The Obama administration filed its own appeal in which the Justice Department argued the so-called individual mandate was constitutional and said the issue was appropriate for Supreme Court review.
"Throughout history, there have been similar challenges to other landmark legislation such as the Social Security Act, the Civil Rights Act, and the Voting Rights Act, and all of those challenges failed," the Justice Department said.
"We believe the challenges to Affordable Care Act ... will also ultimately fail and that the Supreme Court will uphold the law," the department said in a statement.
White House adviser Stephanie Cutter said the administration asked the Supreme Court to hear the case "so that we can put these challenges to rest and continue moving forward implementing the law to lower the cost of health care and make it more secure for all Americans."
At issue was a ruling by a U.S. appeals court in Atlanta in August that declared unconstitutional the individual insurance requirement, but refused to strike down the entire law.
The ruling by the appeals court in Atlanta conflicted with rulings by other appeals courts that have upheld the law or have rejected legal challenges, including a lawsuit by the state of Virginia that was dismissed earlier this month on procedural grounds.

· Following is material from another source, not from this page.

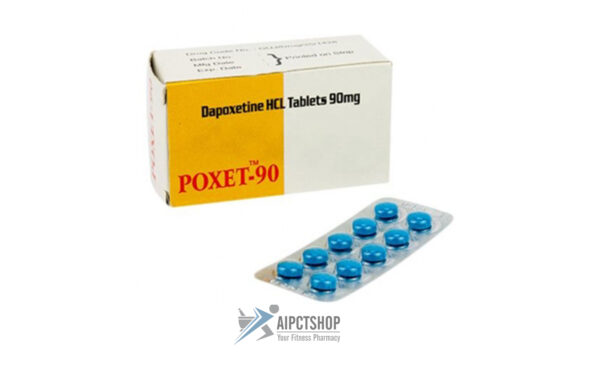 Poxet 90 Mg - Dapoxetine - Priligy - 10 tablet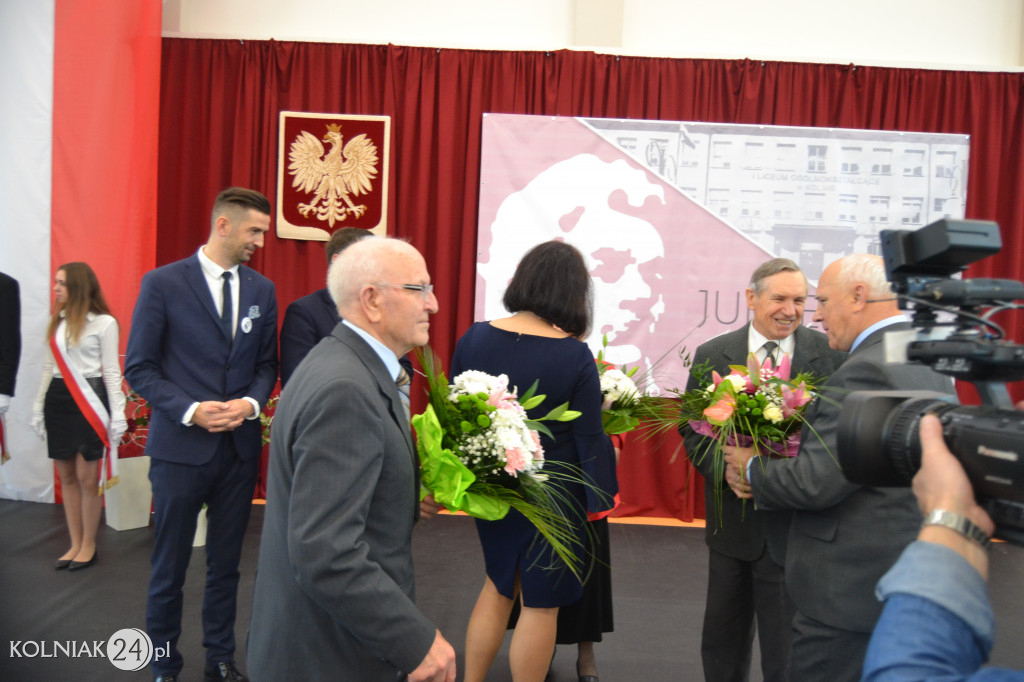 Niezwykła uroczystość w kolneńskim Ogólniaku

The law, passed by Congress and signed by Obama in 2010 after a bruising political battle, is expected to be a major issue in the 2012 elections as Obama seeks another four-year term. Republican presidential candidates oppose it.
EXPANDING COVERAGE
Obama, a Democrat, has championed the law as a major accomplishment of his presidency and as a way to try to slow soaring healthcare costs while expanding health insurance coverage to the more than 30 million Americans without it.
The Supreme Court long has been expected to have the final word on the law's constitutionality. The dispute has important legal, political and financial implications for companies in the healthcare field.
Florida Attorney General Pam Bondi said the states sought Supreme Court review of their lawsuit.
"This health care law is an affront on Americans' individual liberty, and we will not allow the federal government to violate our constitutional rights," she said.
Legal experts have said the nine-member Supreme Court, with a conservative majority and four liberals, most likely will be closely divided on whether the individual mandate requiring insurance purchases exceeded the power of Congress.
The Obama administration earlier this week said it decided against asking the full U.S. Appeals Court for the 11th Circuit to review the August ruling by a three-judge panel of the court that found the insurance requirement unconstitutional.
That decision cleared the way for the administration to go to the Supreme Court.
The states in their appeal also argued the law's expansion of Medicaid, a federal-state partnership that provides health care to low-income Americans, was unconstitutionally coercive, forced upon the states. (Additional reporting by Jeremy Pelofsky and Karen Pierog in Chicago, Editing by Will Dunham and Jackie Frank)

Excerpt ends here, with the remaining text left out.